━━━ Data shown

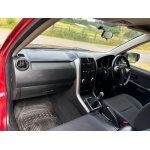 Suzuki Grand Vitara - 1.6 VVT SZ4 4WD Euro 5 3dr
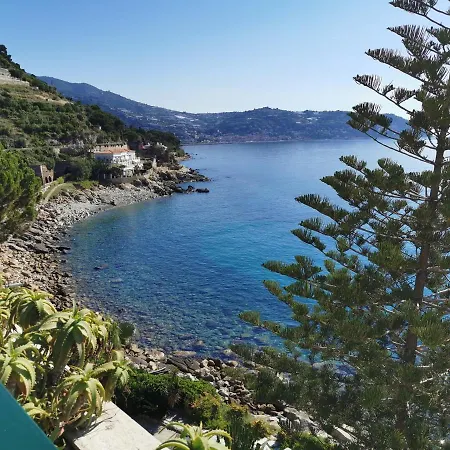 Hotel Grand Del Mare & Bordighera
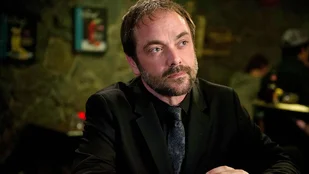 Supernatural: Mark Sheppard hat mehrere Herzinfarkte überlebt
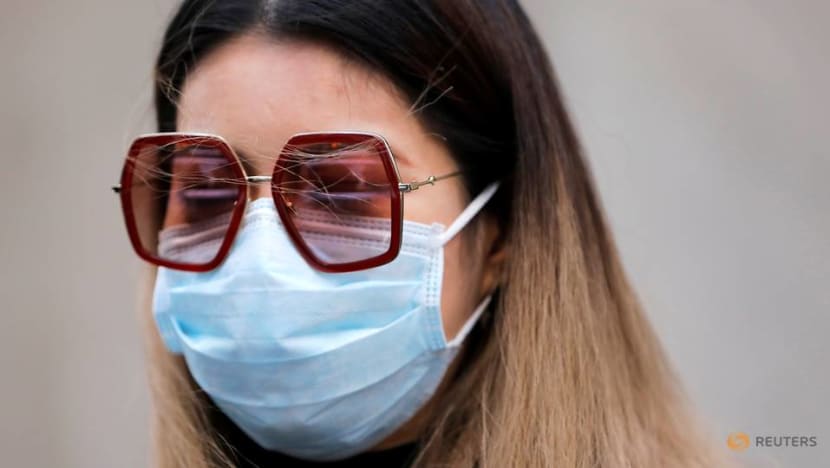 Commentary: When COVID-19 symptoms last for months, recovery feels slow and strained Commentary: When COVID-19 symptoms last for months, recovery feels slow and strained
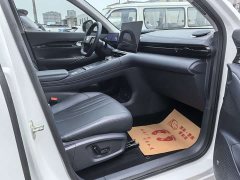 Geely Galaxy E5 530km Long-Range Edition - ფოტო 4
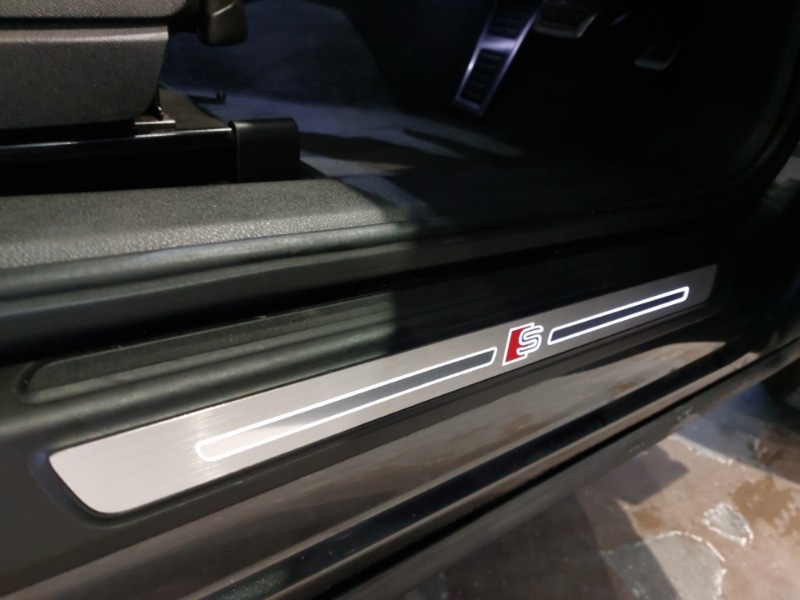 Used Audi Q5 2022 for sale - 76846807: Photo 17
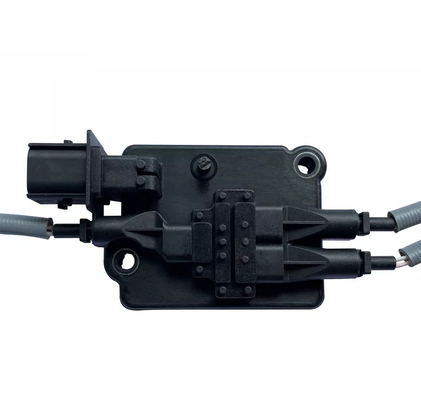 LF45 LF55 Czujnik temperatury spalin dla DAF CF65 OEM 2271758 1971911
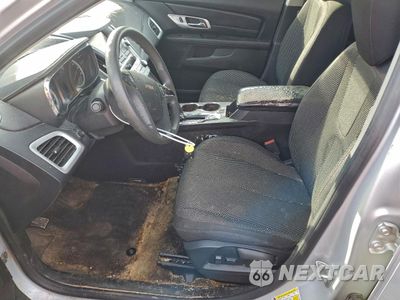 Zdjęcie 7 z 15 samochodu: 2016 GMC TERRAIN SL VIN:2GKALLEKXG6101642 - miniatura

━━━━━━

What you need to do: Once the line containing "Hotel Grand Del Mare & Bordighera" is found, write out exactly that line and each line after it through the end of the entries, omitting pictures.

Written answer:
 Hotel Grand Del Mare & Bordighera
 Supernatural: Mark Sheppard hat mehrere Herzinfarkte überlebt
 Commentary: When COVID-19 symptoms last for months, recovery feels slow and strained Commentary: When COVID-19 symptoms last for months, recovery feels slow and strained
 Geely Galaxy E5 530km Long-Range Edition - ფოტო 4
 Used Audi Q5 2022 for sale - 76846807: Photo 17
 LF45 LF55 Czujnik temperatury spalin dla DAF CF65 OEM 2271758 1971911
 Zdjęcie 7 z 15 samochodu: 2016 GMC TERRAIN SL VIN:2GKALLEKXG6101642 - miniatura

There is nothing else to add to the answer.